Assignment:
The line holding "Skandinavisches Design Stressless" is the last one to output; start at the first line of the data, keep every line in between exactly, and leave out pictures.

═════ Data for the task ═════

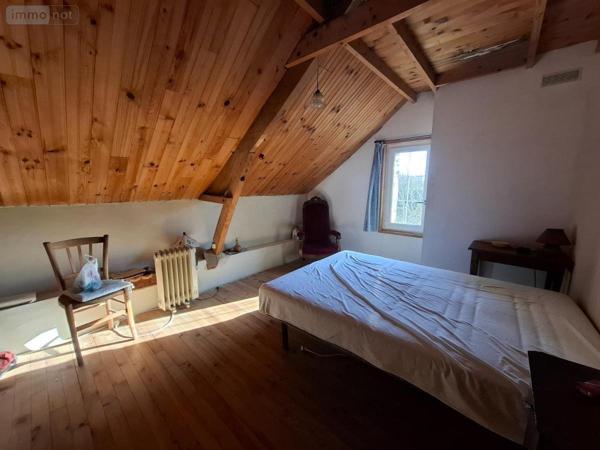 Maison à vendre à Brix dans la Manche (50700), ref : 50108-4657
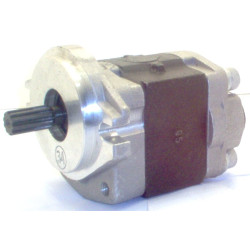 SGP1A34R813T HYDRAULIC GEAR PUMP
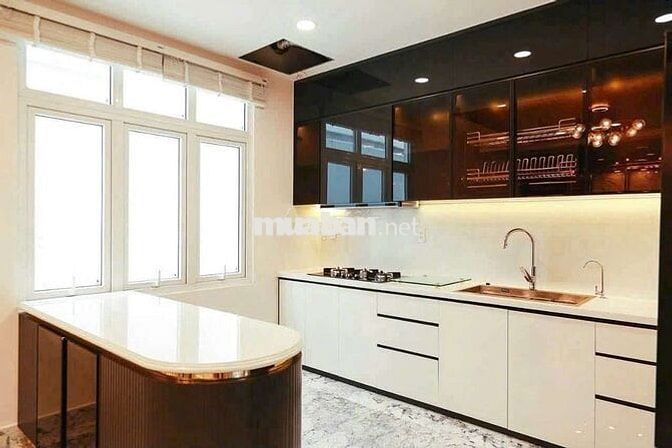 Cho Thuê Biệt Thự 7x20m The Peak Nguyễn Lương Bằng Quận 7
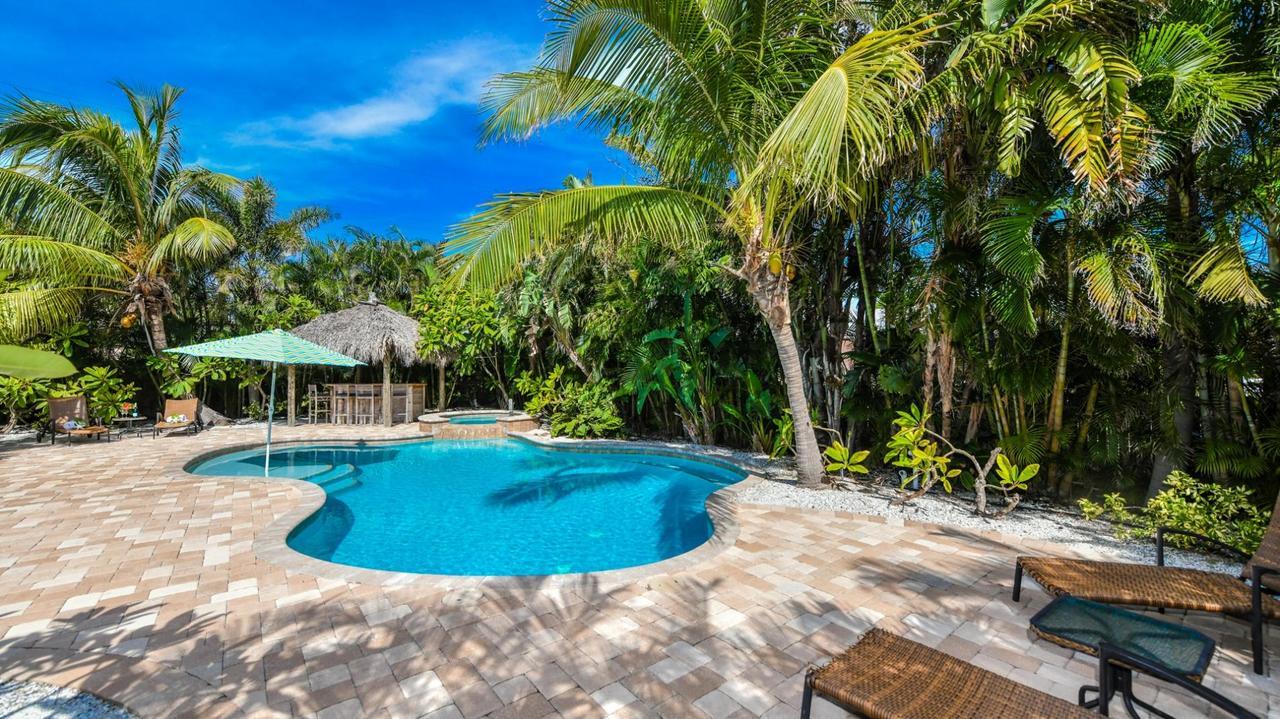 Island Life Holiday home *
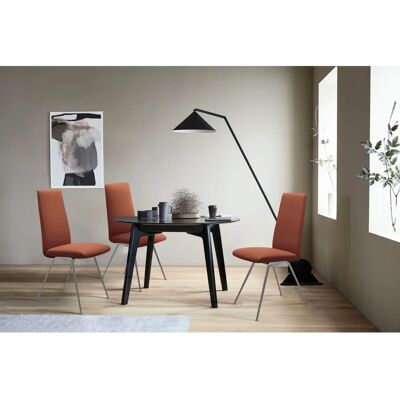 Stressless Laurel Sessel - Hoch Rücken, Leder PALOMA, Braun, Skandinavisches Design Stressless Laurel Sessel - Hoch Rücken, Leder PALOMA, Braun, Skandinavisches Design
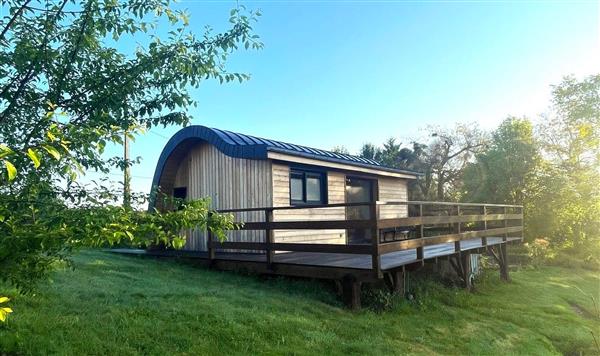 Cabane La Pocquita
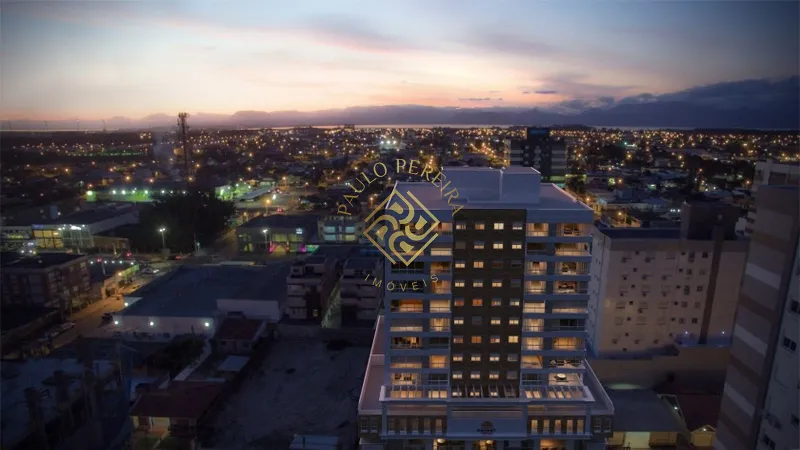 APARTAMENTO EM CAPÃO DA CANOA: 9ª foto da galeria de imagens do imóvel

═════

Response to the exercise:
 Maison à vendre à Brix dans la Manche (50700), ref : 50108-4657
 SGP1A34R813T HYDRAULIC GEAR PUMP
 Cho Thuê Biệt Thự 7x20m The Peak Nguyễn Lương Bằng Quận 7
 Island Life Holiday home *
 Stressless Laurel Sessel - Hoch Rücken, Leder PALOMA, Braun, Skandinavisches Design Stressless Laurel Sessel - Hoch Rücken, Leder PALOMA, Braun, Skandinavisches Design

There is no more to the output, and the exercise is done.